Highlights & Insights¶
- The contribution of a unified evaluation framework is more valuable than any individual technical innovation—it provides a level playing field for attribution research, making conclusions in subsequent works more reliable and comparable.
- The finding that attention weights are unreliable in decoder models carries significant practical value, especially since many LLM application scenarios still directly employ attention as an explanation tool.
- The proposed "recommendation matrix" offers direct guidance for NLP engineers: use Gradient×Input when speed is prioritized, IG when quality is of utmost importance, and SHAP when plausibility is crucial.
Limitations & Future Work¶
- The "ground truth" of current evaluations remains controversial—whether faithfulness equates to correct attribution remains an unresolved philosophical issue.
- Evaluations are limited to classification tasks; attribution in generative tasks (such as explaining why an LLM generates a specific token) warrants separate investigation.
- Hyperparameters within evaluation protocols (e.g., deletion ratio, perturbation intensity) affect the conclusions. Although sensitivity analyses were conducted, they cannot exhaust all configurations.
- Future directions include: designing attribution methods tailored for LLM generative tasks, analyzing cross-lingual attribution consistency, and establishing theoretical understandings of attribution methods.
Related Work & Insights¶
- vs Atanasova et al. (2020) "A Diagnostic Study of Explainability Techniques": An early comparative study of attribution methods, which covered only 3 methods and was tested solely on BERT; the coverage and depth of this work far exceed it.

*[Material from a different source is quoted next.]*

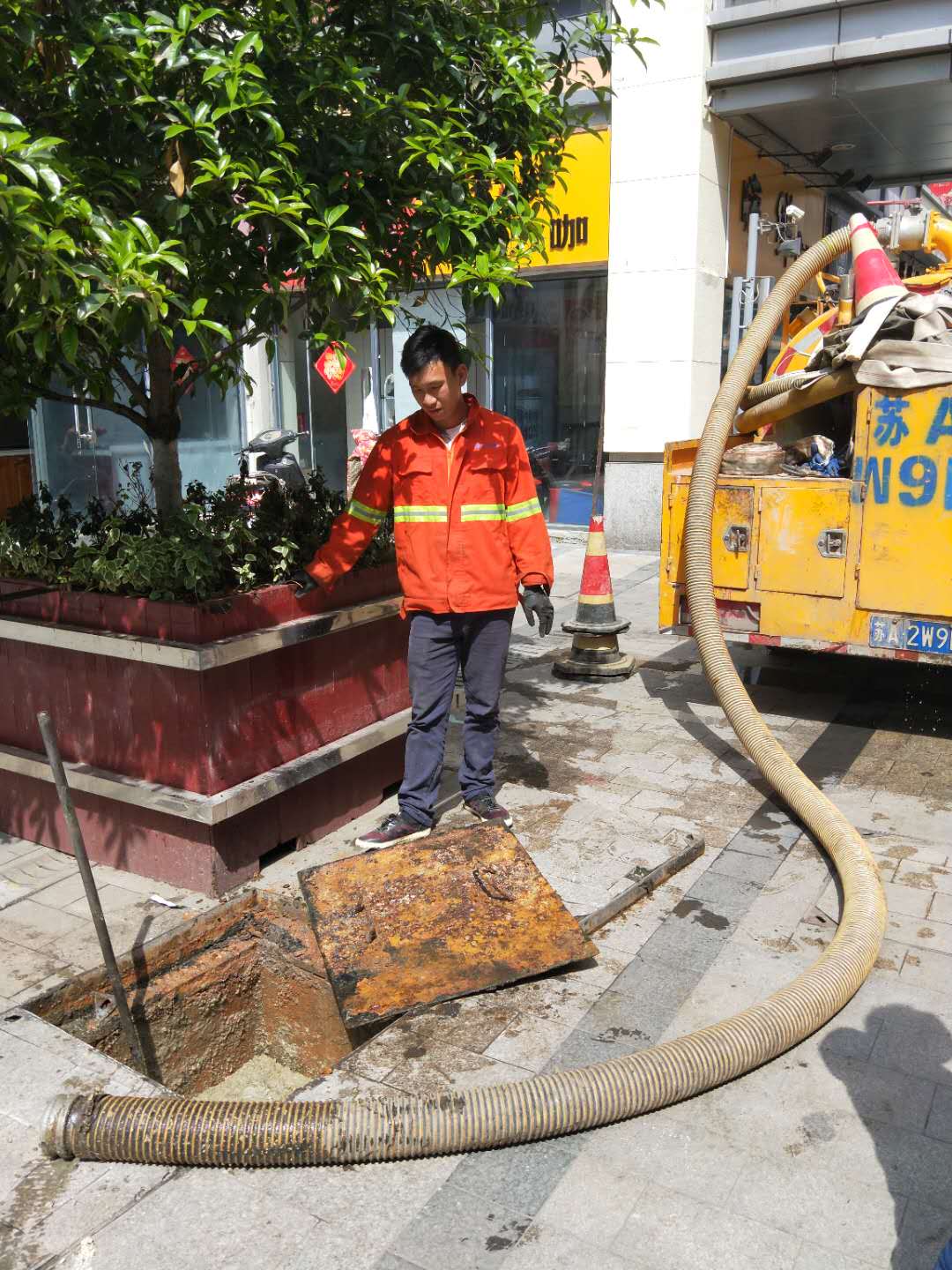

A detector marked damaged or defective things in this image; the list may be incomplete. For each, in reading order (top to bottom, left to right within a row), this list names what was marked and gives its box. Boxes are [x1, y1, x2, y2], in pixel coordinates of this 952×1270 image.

rusty metal plate [298, 823, 596, 1020]
rusty manhole cover [298, 818, 596, 1026]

- vs Bastings & Filippova (2020) "The Elephant in the Interpretability Room": This work questioned the validity of evaluating attribution faithfulness; ours partially addresses this concern via a multi-protocol evaluation.

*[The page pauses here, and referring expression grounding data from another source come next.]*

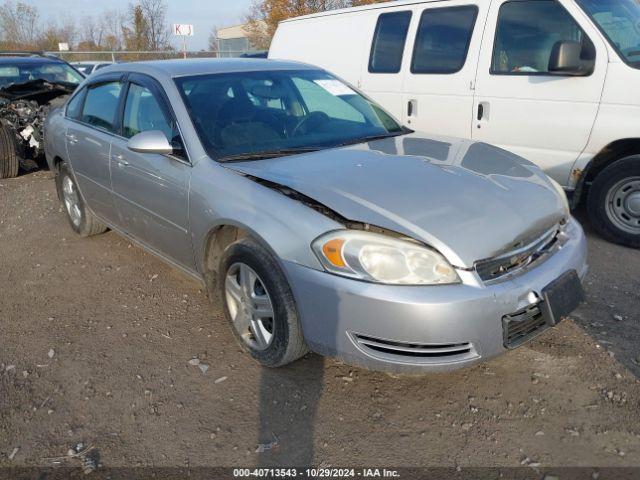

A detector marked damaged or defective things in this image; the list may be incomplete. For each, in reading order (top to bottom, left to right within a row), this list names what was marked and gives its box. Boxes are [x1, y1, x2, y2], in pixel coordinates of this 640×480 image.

damaged car hood [224, 134, 564, 266]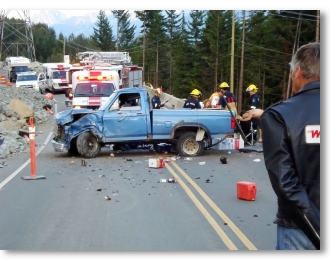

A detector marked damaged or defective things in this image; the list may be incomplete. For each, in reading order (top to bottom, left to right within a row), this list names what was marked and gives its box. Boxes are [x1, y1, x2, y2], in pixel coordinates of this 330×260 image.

crumpled front end of truck [52, 107, 103, 152]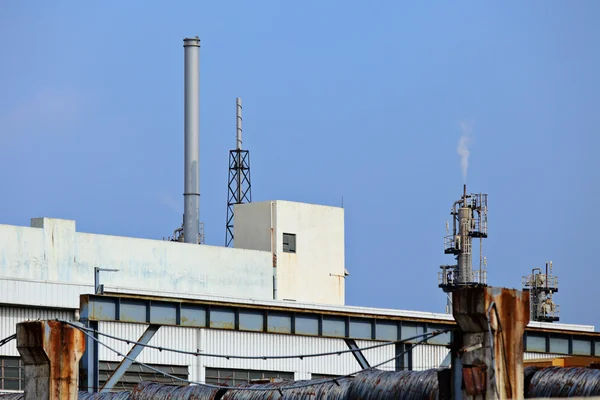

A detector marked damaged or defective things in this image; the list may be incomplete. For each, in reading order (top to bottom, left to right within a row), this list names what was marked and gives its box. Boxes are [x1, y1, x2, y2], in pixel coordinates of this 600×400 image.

peeling paint wall [0, 217, 272, 308]
rusty metal column [16, 320, 85, 400]
rusty metal column [452, 286, 528, 398]
rusty stained wall [454, 288, 528, 400]
rusty corrugated sheet [528, 368, 600, 398]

- vs DeYoung et al. (2020) ERASER: ERASER provided human-annotated rationale datasets for plausibility evaluation; ours extends beyond this by incorporating more evaluation dimensions.
Rating¶
- Novelty: ⭐⭐⭐ Survey-oriented work; methodological innovation is limited but the systematic contribution is significant.
- Experimental Thoroughness: ⭐⭐⭐⭐⭐ Extensive comparison of 8 methods × 5 evaluations × 4 architectures, highly comprehensive.
- Writing Quality: ⭐⭐⭐⭐ Structurally clear, deeply analyzed, with a highly practical recommendation matrix.
- Value: ⭐⭐⭐⭐⭐ Provides a unified reference framework for the fragmented research on attribution methods.